We live in a family area with lots of typical family noise and funnily enough don't have lots of shouting and screaming. When I walk my dogs and go through different areas, I don't hear lots of shouting and screaming. It's almost like most people understand reasonable noise levels.

BeetrootRocks · 27/03/2020 11:43

My point is that the children are likely to quieten down as the reality of this situation kicks in and time in lockdown stretches on.

Something to look forward to.

meditereb · 27/03/2020 11:46

Oh shut up seriously ??

BeetrootRocks · 27/03/2020 11:50

Seems a theme on this thread that people want others to be silent.

Certainly we can anticipate that children will quieten down as this unfolds.

AwrightDoreenTakeAFuckinDayOff · 27/03/2020 12:02

Whooooooppppppp!!!!!

No point trying to have a reasoned discussion or put forward your argument with someone who argues their case with a whooooop.

And as for that argument about a nationwide child silence?

Come back with your proof of this when it happens. We are all dealing with this crisis. We are all affected. Some are quietly trying to manage. Screaming isn’t helping.

BeetrootRocks · 27/03/2020 12:17

'And as for that argument about a nationwide child silence?

Come back with your proof of this when it happens. '

I won't need proof you will hear it.

Who said whooop and to what.

BeetrootRocks · 27/03/2020 12:19

Oh I see, someone who said they were going to play catch in the garden with their child.

What a pair of cunts.

AwrightDoreenTakeAFuckinDayOff · 27/03/2020 12:22

Yup.

AwrightDoreenTakeAFuckinDayOff · 27/03/2020 12:23

Look at what we are saying will you?

BeetrootRocks · 27/03/2020 12:25

Yes.

I have read what you are all saying and trying to bring hope to people, that I suspect it will get quieter for the reasons I have outlined.

AwrightDoreenTakeAFuckinDayOff · 27/03/2020 12:34

Hope?
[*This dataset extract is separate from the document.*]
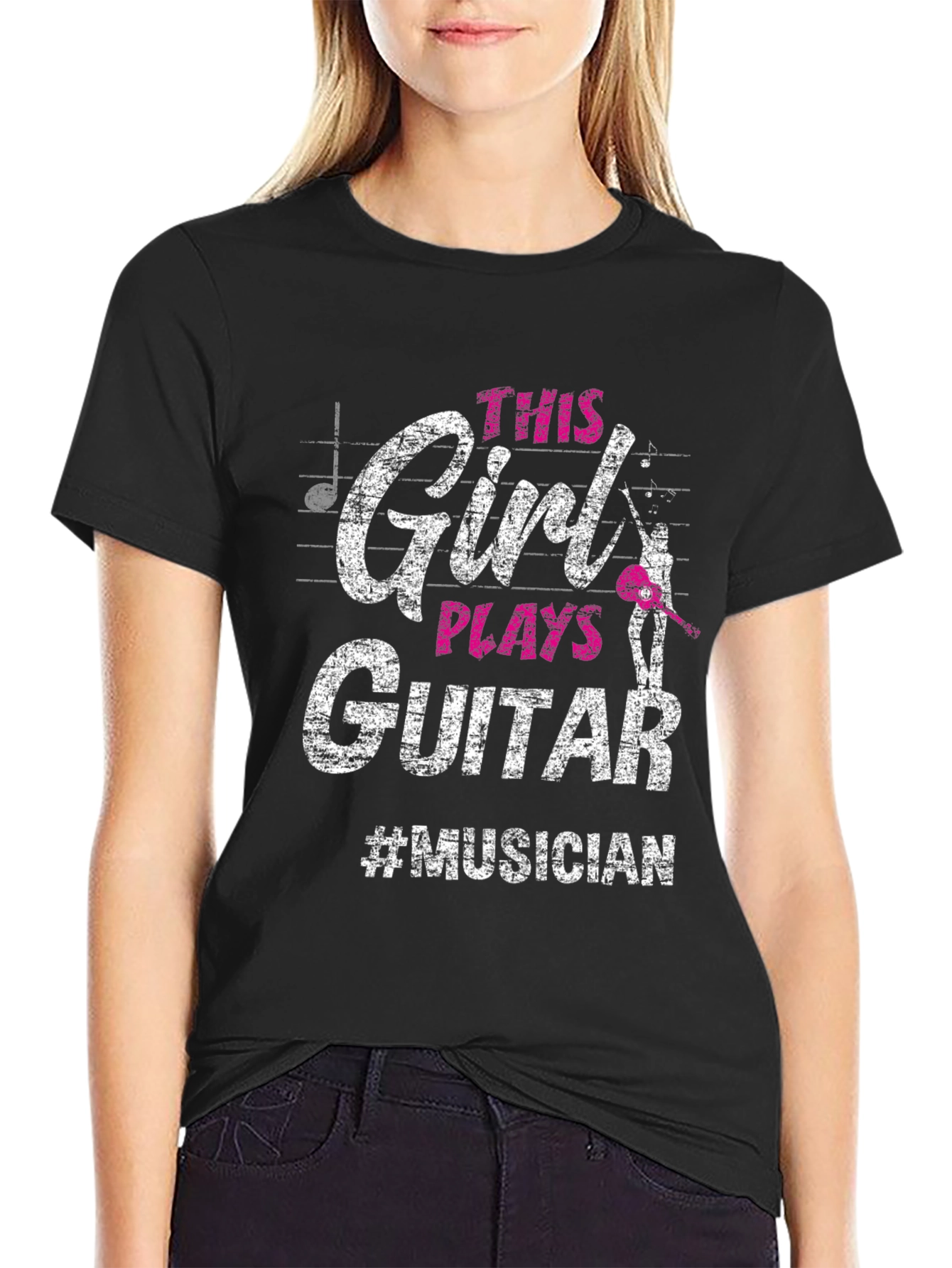Black This Girl Plays Guitar T-Shirt - Musician Tee view 2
Are you saying you are trying to bring hope?

With talk of a national silence?

All people wish for is consideration. It is not selfish or unreasonable to ask for the screaming to stop - unless of course someone has underlying issues.

You crack on and say it is ok and that we will prefer it to silence. I do not wish misery on any child and have no doubt some will struggle. But enough of the screaming.

Screaming chills my bones. I’ve explained why. And I’ve no doubt I can sleep with ‘normal noise’. I can’t rest with screaming.

foreversville · 27/03/2020 12:37

I hate the sound of kids mindlessly screaming and shouting for hours on end. I really hate it and I think the parents who let their kids do it are awful and lazy

They need to shut them the fuck up.

I don't let my child scream incessantly. She can play loudly and get excited but screaming at the top of lungs for the hell of it... no way.

People need peace.

nomdefuckit · 27/03/2020 12:46

Are they awful and lazy if they're out there chasing them about?